[Action item]: Retype the entire listing, keeping every word as it is.
'''
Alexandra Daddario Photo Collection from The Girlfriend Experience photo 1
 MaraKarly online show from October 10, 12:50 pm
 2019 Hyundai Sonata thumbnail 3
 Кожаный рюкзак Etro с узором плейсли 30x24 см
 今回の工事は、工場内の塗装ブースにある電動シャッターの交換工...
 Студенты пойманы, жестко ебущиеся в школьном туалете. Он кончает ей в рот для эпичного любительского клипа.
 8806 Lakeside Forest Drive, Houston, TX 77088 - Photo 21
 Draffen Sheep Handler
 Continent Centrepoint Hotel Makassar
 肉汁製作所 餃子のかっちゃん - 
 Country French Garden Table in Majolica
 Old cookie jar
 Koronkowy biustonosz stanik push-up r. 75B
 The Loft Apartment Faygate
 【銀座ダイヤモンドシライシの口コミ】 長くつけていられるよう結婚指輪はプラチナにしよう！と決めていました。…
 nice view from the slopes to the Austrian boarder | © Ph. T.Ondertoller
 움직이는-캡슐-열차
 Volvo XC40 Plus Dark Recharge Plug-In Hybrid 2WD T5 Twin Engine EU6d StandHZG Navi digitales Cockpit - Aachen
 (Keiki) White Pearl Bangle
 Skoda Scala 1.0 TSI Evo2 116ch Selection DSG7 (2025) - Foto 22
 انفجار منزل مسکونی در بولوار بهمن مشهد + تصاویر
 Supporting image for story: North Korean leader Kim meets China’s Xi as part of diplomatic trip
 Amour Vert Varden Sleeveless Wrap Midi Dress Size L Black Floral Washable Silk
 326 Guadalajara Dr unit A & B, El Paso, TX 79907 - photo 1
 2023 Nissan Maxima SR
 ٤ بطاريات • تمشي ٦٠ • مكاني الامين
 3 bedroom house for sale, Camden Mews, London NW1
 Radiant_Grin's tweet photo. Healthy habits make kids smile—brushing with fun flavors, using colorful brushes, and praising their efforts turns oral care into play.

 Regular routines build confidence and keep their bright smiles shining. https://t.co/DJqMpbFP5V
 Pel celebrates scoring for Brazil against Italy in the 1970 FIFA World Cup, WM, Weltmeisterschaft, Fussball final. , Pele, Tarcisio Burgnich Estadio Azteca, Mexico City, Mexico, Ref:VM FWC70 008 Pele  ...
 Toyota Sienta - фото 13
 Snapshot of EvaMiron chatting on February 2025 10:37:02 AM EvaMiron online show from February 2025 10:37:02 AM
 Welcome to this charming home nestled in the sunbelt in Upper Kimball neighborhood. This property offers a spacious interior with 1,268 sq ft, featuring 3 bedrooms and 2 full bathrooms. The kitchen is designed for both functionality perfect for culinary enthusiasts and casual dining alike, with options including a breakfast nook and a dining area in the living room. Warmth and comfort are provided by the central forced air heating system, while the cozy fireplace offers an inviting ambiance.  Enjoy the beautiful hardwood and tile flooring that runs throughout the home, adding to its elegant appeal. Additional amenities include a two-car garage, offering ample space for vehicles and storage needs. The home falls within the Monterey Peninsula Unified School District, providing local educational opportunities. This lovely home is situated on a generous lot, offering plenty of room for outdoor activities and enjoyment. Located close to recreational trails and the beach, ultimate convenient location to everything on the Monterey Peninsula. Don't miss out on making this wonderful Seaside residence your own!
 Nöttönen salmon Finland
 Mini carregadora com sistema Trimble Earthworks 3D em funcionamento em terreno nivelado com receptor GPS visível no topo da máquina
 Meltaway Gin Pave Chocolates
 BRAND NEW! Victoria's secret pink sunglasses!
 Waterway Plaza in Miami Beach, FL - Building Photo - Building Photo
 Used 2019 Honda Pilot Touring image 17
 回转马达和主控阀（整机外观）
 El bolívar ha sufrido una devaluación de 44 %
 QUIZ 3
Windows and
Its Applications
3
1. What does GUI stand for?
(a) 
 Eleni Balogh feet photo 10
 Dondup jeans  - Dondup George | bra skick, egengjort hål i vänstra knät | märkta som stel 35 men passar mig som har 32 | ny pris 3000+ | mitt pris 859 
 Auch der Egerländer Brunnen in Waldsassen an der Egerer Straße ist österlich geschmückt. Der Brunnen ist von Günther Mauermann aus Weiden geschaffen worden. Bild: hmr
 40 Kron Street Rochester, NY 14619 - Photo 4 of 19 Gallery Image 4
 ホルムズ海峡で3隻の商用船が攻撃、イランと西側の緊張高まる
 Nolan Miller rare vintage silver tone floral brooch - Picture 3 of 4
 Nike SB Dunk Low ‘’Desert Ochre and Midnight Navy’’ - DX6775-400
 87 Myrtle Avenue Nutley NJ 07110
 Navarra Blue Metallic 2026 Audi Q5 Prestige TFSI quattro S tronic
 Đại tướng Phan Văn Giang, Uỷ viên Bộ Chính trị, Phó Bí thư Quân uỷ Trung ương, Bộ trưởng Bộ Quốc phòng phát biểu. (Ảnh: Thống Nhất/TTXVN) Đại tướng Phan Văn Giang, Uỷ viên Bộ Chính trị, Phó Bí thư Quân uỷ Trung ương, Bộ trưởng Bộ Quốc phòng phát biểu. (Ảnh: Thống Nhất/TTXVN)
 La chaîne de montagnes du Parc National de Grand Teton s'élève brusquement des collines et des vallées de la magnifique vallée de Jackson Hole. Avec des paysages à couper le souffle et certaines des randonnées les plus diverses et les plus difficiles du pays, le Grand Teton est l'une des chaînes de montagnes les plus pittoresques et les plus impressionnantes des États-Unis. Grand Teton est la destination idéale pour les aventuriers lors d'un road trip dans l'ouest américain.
'''
[Final answer]:
Alexandra Daddario Photo Collection from The Girlfriend Experience photo 1
 MaraKarly online show from October 10, 12:50 pm
 2019 Hyundai Sonata thumbnail 3
 Кожаный рюкзак Etro с узором плейсли 30x24 см
 今回の工事は、工場内の塗装ブースにある電動シャッターの交換工...
 Студенты пойманы, жестко ебущиеся в школьном туалете. Он кончает ей в рот для эпичного любительского клипа.
 8806 Lakeside Forest Drive, Houston, TX 77088 - Photo 21
 Draffen Sheep Handler
 Continent Centrepoint Hotel Makassar
 肉汁製作所 餃子のかっちゃん - 
 Country French Garden Table in Majolica
 Old cookie jar
 Koronkowy biustonosz stanik push-up r. 75B
 The Loft Apartment Faygate
 【銀座ダイヤモンドシライシの口コミ】 長くつけていられるよう結婚指輪はプラチナにしよう！と決めていました。…
 nice view from the slopes to the Austrian boarder | © Ph. T.Ondertoller
 움직이는-캡슐-열차
 Volvo XC40 Plus Dark Recharge Plug-In Hybrid 2WD T5 Twin Engine EU6d StandHZG Navi digitales Cockpit - Aachen
 (Keiki) White Pearl Bangle
 Skoda Scala 1.0 TSI Evo2 116ch Selection DSG7 (2025) - Foto 22
 انفجار منزل مسکونی در بولوار بهمن مشهد + تصاویر
 Supporting image for story: North Korean leader Kim meets China’s Xi as part of diplomatic trip
 Amour Vert Varden Sleeveless Wrap Midi Dress Size L Black Floral Washable Silk
 326 Guadalajara Dr unit A & B, El Paso, TX 79907 - photo 1
 2023 Nissan Maxima SR
 ٤ بطاريات • تمشي ٦٠ • مكاني الامين
 3 bedroom house for sale, Camden Mews, London NW1
 Radiant_Grin's tweet photo. Healthy habits make kids smile—brushing with fun flavors, using colorful brushes, and praising their efforts turns oral care into play.

 Regular routines build confidence and keep their bright smiles shining. https://t.co/DJqMpbFP5V
 Pel celebrates scoring for Brazil against Italy in the 1970 FIFA World Cup, WM, Weltmeisterschaft, Fussball final. , Pele, Tarcisio Burgnich Estadio Azteca, Mexico City, Mexico, Ref:VM FWC70 008 Pele  ...
 Toyota Sienta - фото 13
 Snapshot of EvaMiron chatting on February 2025 10:37:02 AM EvaMiron online show from February 2025 10:37:02 AM
 Welcome to this charming home nestled in the sunbelt in Upper Kimball neighborhood. This property offers a spacious interior with 1,268 sq ft, featuring 3 bedrooms and 2 full bathrooms. The kitchen is designed for both functionality perfect for culinary enthusiasts and casual dining alike, with options including a breakfast nook and a dining area in the living room. Warmth and comfort are provided by the central forced air heating system, while the cozy fireplace offers an inviting ambiance.  Enjoy the beautiful hardwood and tile flooring that runs throughout the home, adding to its elegant appeal. Additional amenities include a two-car garage, offering ample space for vehicles and storage needs. The home falls within the Monterey Peninsula Unified School District, providing local educational opportunities. This lovely home is situated on a generous lot, offering plenty of room for outdoor activities and enjoyment. Located close to recreational trails and the beach, ultimate convenient location to everything on the Monterey Peninsula. Don't miss out on making this wonderful Seaside residence your own!
 Nöttönen salmon Finland
 Mini carregadora com sistema Trimble Earthworks 3D em funcionamento em terreno nivelado com receptor GPS visível no topo da máquina
 Meltaway Gin Pave Chocolates
 BRAND NEW! Victoria's secret pink sunglasses!
 Waterway Plaza in Miami Beach, FL - Building Photo - Building Photo
 Used 2019 Honda Pilot Touring image 17
 回转马达和主控阀（整机外观）
 El bolívar ha sufrido una devaluación de 44 %
 QUIZ 3
Windows and
Its Applications
3
1. What does GUI stand for?
(a) 
 Eleni Balogh feet photo 10
 Dondup jeans  - Dondup George | bra skick, egengjort hål i vänstra knät | märkta som stel 35 men passar mig som har 32 | ny pris 3000+ | mitt pris 859 
 Auch der Egerländer Brunnen in Waldsassen an der Egerer Straße ist österlich geschmückt. Der Brunnen ist von Günther Mauermann aus Weiden geschaffen worden. Bild: hmr
 40 Kron Street Rochester, NY 14619 - Photo 4 of 19 Gallery Image 4
 ホルムズ海峡で3隻の商用船が攻撃、イランと西側の緊張高まる
 Nolan Miller rare vintage silver tone floral brooch - Picture 3 of 4
 Nike SB Dunk Low ‘’Desert Ochre and Midnight Navy’’ - DX6775-400
 87 Myrtle Avenue Nutley NJ 07110
 Navarra Blue Metallic 2026 Audi Q5 Prestige TFSI quattro S tronic
 Đại tướng Phan Văn Giang, Uỷ viên Bộ Chính trị, Phó Bí thư Quân uỷ Trung ương, Bộ trưởng Bộ Quốc phòng phát biểu. (Ảnh: Thống Nhất/TTXVN) Đại tướng Phan Văn Giang, Uỷ viên Bộ Chính trị, Phó Bí thư Quân uỷ Trung ương, Bộ trưởng Bộ Quốc phòng phát biểu. (Ảnh: Thống Nhất/TTXVN)
 La chaîne de montagnes du Parc National de Grand Teton s'élève brusquement des collines et des vallées de la magnifique vallée de Jackson Hole. Avec des paysages à couper le souffle et certaines des randonnées les plus diverses et les plus difficiles du pays, le Grand Teton est l'une des chaînes de montagnes les plus pittoresques et les plus impressionnantes des États-Unis. Grand Teton est la destination idéale pour les aventuriers lors d'un road trip dans l'ouest américain.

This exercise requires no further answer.